Las vírgenes vestales eran las
custodias de todos los testamentos de los ciudadanos romanos; el testamento de
un hombre era sagrado, no se podía abrir hasta después de su muerte, y las
vestales habían guardado los testamentos de los hombres desde el tiempo de los
reyes. Se guardaban en los estantes de la Domus Pública, que era también la
sede del Pontífice Máximo de Roma. Eran los testamentos del más pobre que
apenas dejaba un cerdo en herencia, al más rico que dejaba enormes dimensiones
de latifundios.
Las vestales tenían más de dos
millones de testamentos; arriba, abajo, parte en el sótano. Tienen un sistema.
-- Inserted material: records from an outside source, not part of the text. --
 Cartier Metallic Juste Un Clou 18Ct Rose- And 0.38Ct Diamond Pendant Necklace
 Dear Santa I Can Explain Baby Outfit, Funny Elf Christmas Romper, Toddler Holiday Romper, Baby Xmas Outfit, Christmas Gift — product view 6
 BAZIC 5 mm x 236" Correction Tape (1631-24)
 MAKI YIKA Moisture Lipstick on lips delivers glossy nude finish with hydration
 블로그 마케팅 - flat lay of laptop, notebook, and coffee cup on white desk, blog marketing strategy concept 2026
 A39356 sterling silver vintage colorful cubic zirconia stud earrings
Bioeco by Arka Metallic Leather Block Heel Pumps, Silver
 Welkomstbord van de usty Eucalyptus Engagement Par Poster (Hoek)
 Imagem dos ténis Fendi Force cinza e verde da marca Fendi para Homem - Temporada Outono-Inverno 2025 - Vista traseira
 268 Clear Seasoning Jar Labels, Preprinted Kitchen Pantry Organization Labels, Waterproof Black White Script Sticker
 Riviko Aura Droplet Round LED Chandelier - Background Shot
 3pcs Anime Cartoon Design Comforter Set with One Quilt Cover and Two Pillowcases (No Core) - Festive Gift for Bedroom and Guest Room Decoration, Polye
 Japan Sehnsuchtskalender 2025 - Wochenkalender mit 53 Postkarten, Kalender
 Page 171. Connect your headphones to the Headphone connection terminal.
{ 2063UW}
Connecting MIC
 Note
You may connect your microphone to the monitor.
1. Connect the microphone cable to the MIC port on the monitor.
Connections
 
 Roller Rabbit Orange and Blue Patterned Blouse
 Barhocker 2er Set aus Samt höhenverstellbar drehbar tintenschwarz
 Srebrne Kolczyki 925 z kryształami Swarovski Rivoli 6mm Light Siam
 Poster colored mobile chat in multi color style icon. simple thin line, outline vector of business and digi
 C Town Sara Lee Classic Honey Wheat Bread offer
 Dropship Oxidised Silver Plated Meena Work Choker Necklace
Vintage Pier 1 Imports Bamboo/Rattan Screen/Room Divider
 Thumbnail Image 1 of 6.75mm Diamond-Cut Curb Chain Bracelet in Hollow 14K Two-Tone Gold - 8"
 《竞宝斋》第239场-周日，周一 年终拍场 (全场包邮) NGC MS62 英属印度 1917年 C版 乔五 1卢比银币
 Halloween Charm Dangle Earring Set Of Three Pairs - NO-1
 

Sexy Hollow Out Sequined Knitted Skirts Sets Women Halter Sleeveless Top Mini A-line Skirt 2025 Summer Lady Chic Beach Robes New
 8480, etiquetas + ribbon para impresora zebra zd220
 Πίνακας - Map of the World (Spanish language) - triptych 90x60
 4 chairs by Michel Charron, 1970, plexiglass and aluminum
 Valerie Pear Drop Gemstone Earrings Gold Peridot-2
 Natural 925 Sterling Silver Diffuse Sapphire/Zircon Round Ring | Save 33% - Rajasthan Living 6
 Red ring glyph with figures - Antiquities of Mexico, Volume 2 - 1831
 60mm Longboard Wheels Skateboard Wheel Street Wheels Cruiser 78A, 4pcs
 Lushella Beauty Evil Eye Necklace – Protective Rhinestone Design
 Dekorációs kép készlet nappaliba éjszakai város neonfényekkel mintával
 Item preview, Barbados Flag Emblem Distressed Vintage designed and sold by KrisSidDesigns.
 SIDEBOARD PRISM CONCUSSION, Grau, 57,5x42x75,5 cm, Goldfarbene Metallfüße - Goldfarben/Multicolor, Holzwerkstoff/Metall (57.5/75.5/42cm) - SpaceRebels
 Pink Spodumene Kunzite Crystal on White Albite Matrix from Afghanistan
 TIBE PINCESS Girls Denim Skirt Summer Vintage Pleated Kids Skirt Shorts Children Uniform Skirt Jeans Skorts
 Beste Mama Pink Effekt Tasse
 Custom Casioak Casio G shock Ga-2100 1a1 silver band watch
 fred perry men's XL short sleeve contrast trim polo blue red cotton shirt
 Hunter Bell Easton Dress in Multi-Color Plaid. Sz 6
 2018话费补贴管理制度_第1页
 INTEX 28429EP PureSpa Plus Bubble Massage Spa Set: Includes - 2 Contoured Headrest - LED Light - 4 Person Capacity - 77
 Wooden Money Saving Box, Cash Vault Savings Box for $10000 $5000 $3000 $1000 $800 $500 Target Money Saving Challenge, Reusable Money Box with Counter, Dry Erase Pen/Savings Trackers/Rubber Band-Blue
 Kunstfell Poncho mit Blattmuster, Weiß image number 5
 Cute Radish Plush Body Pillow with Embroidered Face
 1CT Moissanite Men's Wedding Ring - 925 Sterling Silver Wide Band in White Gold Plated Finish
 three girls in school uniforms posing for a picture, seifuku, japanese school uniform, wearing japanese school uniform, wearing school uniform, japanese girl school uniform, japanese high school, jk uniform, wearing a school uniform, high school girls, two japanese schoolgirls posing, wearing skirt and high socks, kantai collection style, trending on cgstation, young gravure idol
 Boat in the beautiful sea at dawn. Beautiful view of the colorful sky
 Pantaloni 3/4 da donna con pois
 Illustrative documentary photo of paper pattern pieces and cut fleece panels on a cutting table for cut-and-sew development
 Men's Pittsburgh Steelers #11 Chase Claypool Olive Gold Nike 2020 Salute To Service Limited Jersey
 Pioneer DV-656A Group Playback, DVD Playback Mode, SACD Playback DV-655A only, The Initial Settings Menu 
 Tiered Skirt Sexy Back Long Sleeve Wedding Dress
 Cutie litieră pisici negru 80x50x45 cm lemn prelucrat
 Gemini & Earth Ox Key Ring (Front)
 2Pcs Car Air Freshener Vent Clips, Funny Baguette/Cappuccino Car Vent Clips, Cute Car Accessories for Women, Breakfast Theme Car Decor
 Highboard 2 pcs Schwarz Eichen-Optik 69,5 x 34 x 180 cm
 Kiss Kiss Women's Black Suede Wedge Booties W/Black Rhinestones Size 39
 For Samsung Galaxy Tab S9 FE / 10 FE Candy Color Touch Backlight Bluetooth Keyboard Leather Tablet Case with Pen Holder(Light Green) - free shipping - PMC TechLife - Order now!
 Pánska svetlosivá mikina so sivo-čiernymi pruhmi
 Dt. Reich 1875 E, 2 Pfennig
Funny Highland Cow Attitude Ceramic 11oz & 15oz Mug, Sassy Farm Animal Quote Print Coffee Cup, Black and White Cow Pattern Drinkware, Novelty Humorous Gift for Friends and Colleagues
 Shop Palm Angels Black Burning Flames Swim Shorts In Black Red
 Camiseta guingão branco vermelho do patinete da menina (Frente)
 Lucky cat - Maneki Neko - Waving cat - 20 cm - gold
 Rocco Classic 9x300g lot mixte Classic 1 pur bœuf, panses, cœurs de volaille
En un lugar, los testamentos de las provincias y los países extranjeros; los
testamentos italianos en otro, y los romanos en alguna otra parte. Encontrar el
testamento de un ciudadano recién fallecido, podía llevar incluso días dar con
ello. En cuanto el ejecutor del testamento lo solicitaba, una vez encontrado lo
tenía que abrir delante de las vestales que actuaban como testimonio, donde
dejaban marcado el sello de las vestales al final de la cláusula del testamento
recién abierto para que no pudiera falsificarse.
Las vestales tenían la
condición de sacrosantas e inviolables; podían caminar por cualquier parte sin
el menor riesgo, porque ningún hombre, fuese el más pobre o el más predatorio,
se atrevería a tocar a una virgen vestal. Si lo hacía, estaba condenado para
toda la eternidad. Perdería la ciudadanía, sería azotado y decapitado y le
serían confiscadas todas sus propiedades, hasta el más mísero vaso de cerámica.
Su esposa y sus hijos morirían de hambre.